* **Task**
The copy should hold only the line containing "Вытяжка кухонная Perfelli" and the lines after it through the end of the material, each exact, with no pictures.

------------------------------------------------

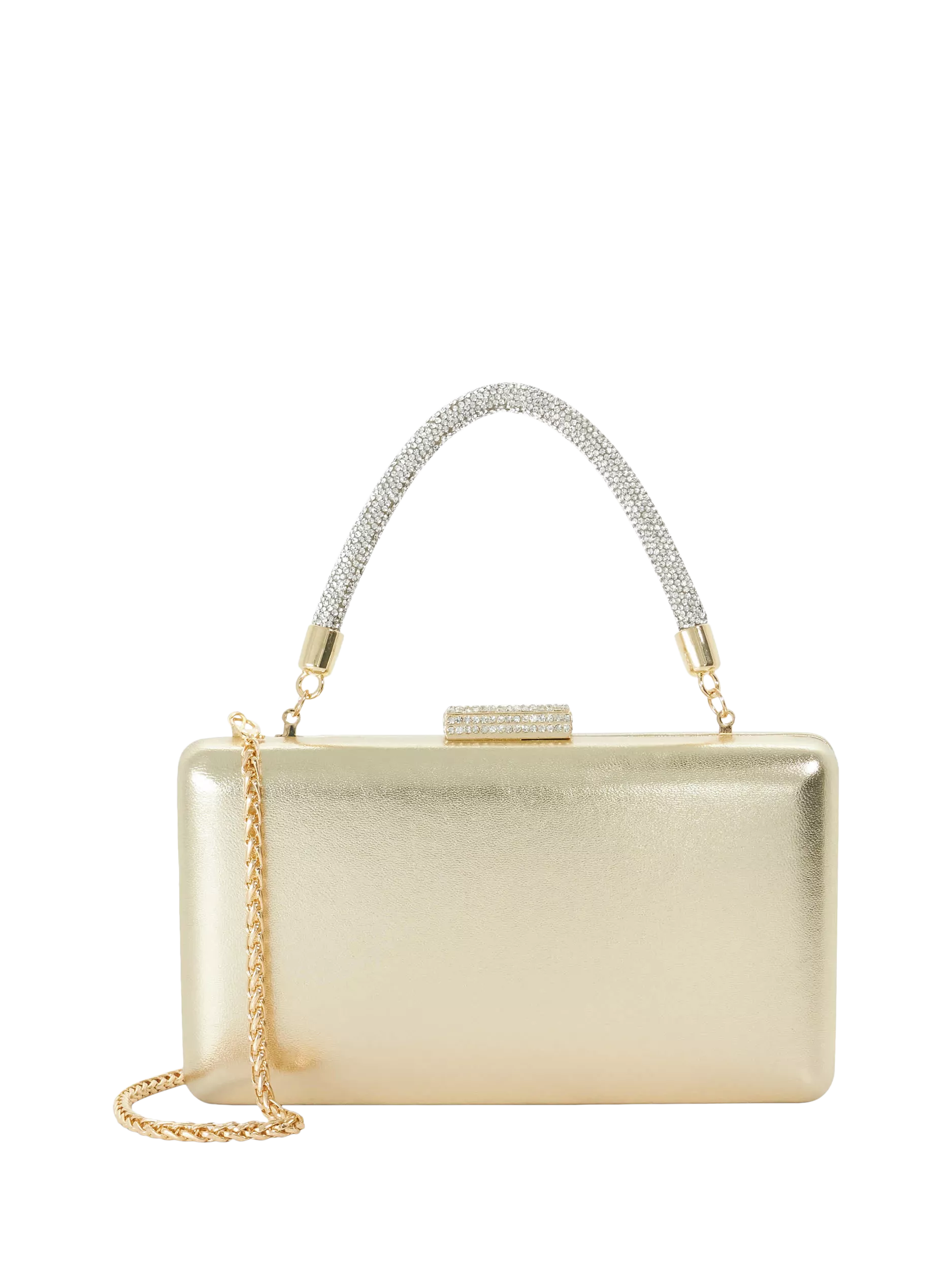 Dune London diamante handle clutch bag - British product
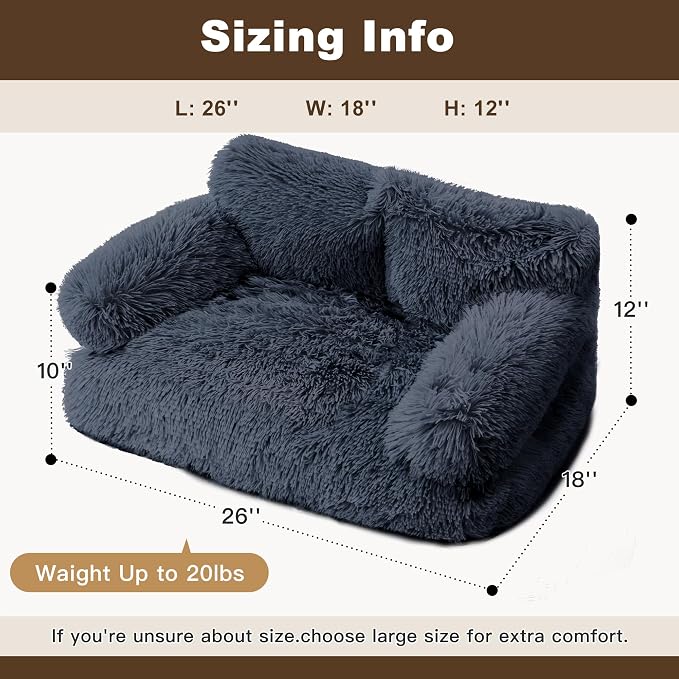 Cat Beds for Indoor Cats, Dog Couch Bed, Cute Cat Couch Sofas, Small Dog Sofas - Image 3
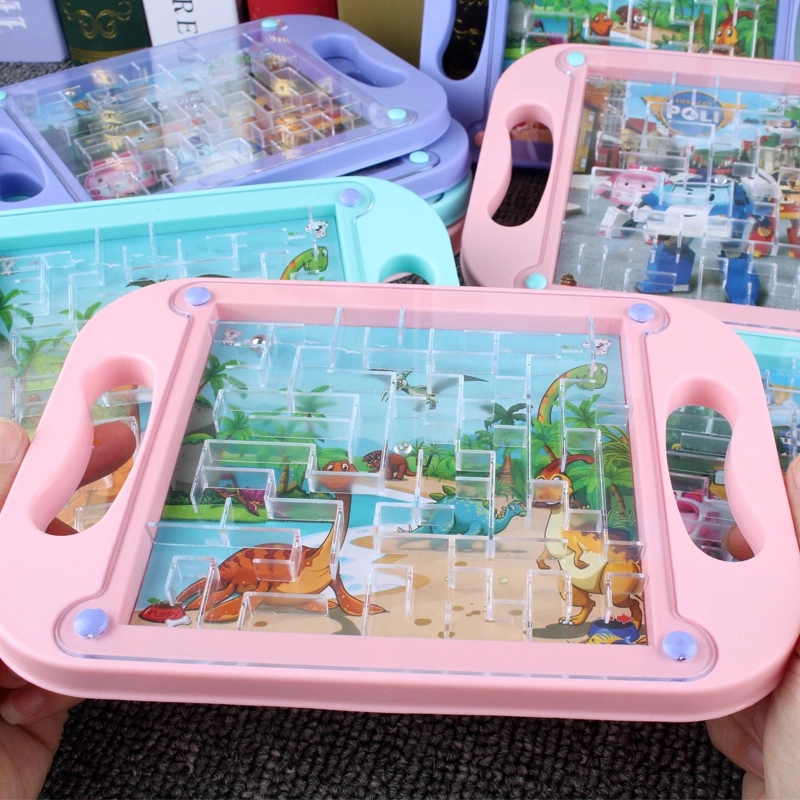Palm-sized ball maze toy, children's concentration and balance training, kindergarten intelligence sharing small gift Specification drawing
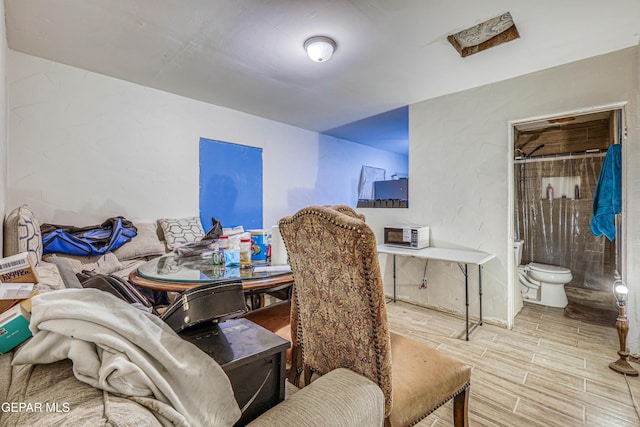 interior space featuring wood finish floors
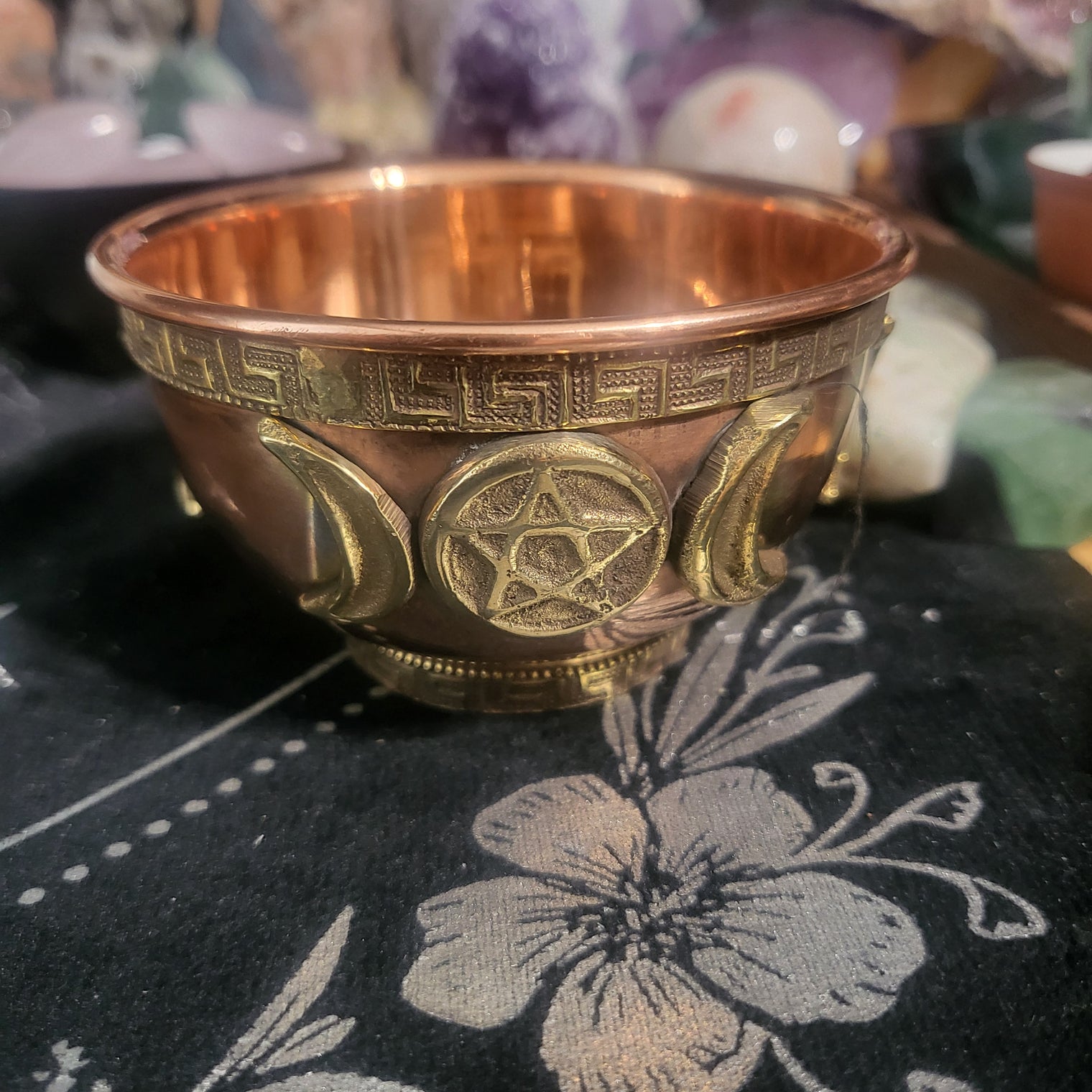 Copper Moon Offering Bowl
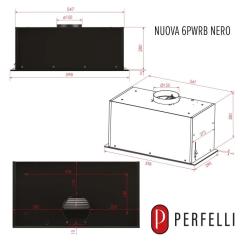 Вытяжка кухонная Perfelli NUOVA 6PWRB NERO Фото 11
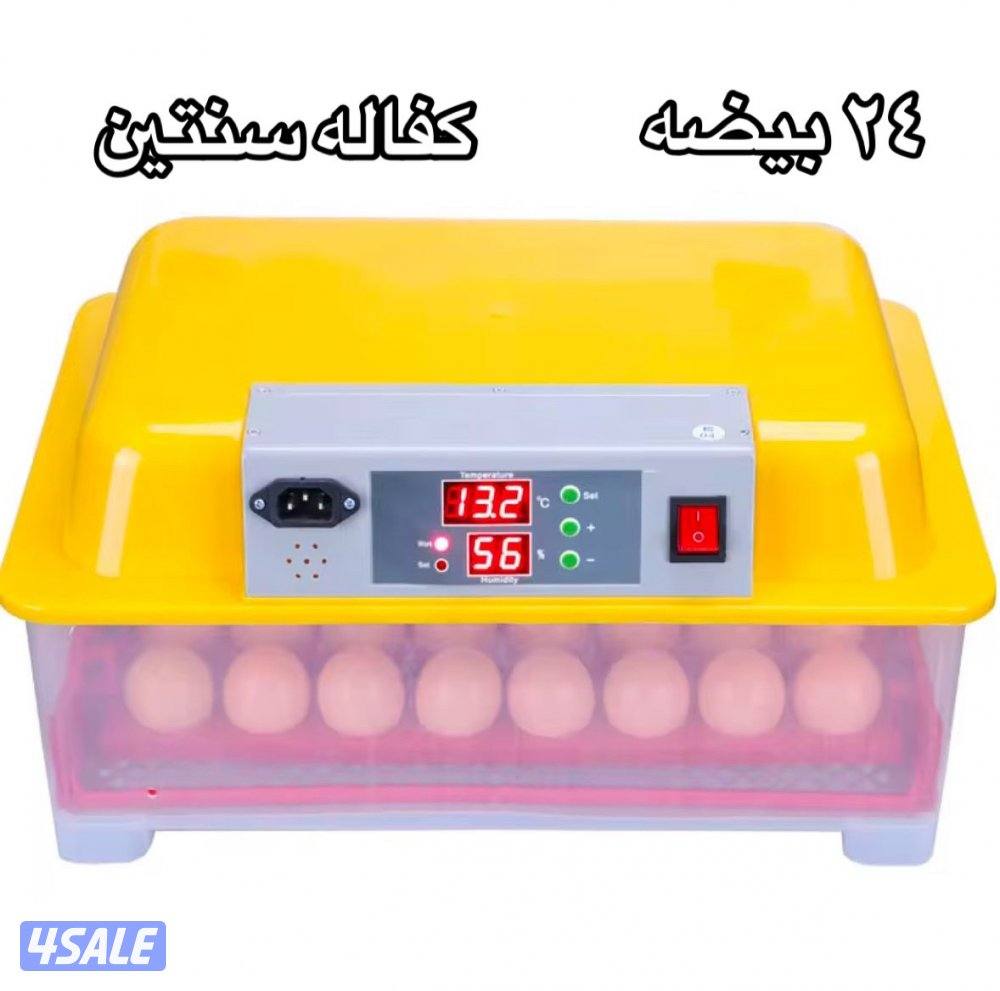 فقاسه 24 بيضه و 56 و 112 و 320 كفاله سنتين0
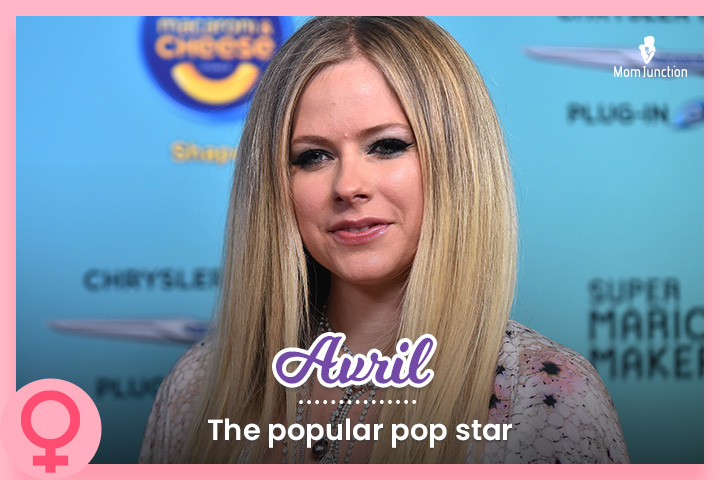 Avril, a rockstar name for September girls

------------------------------------------------

* **Response box**
 Вытяжка кухонная Perfelli NUOVA 6PWRB NERO Фото 11
 فقاسه 24 بيضه و 56 و 112 و 320 كفاله سنتين0
 Avril, a rockstar name for September girls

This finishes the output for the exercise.